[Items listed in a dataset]
++++++++
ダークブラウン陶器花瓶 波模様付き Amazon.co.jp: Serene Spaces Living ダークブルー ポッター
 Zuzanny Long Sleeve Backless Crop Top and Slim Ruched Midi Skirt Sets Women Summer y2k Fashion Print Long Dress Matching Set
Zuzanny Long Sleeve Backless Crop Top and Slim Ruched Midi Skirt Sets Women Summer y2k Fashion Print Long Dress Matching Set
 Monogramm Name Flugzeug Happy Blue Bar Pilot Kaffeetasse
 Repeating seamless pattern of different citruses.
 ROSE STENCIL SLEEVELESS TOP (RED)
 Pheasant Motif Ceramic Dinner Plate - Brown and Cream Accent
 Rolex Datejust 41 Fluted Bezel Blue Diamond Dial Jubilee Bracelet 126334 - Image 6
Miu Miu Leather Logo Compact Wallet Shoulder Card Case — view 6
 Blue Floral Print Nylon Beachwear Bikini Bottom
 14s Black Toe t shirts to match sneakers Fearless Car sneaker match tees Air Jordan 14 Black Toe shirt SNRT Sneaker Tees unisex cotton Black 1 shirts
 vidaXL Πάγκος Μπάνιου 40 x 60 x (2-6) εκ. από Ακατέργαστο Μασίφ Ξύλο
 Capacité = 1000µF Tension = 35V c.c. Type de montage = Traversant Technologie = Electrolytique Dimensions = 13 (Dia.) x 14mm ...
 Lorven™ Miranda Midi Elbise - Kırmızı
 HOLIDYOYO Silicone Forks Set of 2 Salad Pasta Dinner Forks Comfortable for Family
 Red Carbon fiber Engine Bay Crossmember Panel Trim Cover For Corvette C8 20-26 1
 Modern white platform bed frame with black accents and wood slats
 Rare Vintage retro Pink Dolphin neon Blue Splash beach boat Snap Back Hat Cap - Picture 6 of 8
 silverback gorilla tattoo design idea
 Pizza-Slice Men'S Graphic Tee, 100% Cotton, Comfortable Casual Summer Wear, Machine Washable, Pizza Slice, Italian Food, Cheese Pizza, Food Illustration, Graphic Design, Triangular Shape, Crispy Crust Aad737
++++++++
> [PROBLEM STATEMENT]:
Copy each line above that contains the string "Backless".

> [RESULT FOR THIS TASK]:
 Zuzanny Long Sleeve Backless Crop Top and Slim Ruched Midi Skirt Sets Women Summer y2k Fashion Print Long Dress Matching Set
Zuzanny Long Sleeve Backless Crop Top and Slim Ruched Midi Skirt Sets Women Summer y2k Fashion Print Long Dress Matching Set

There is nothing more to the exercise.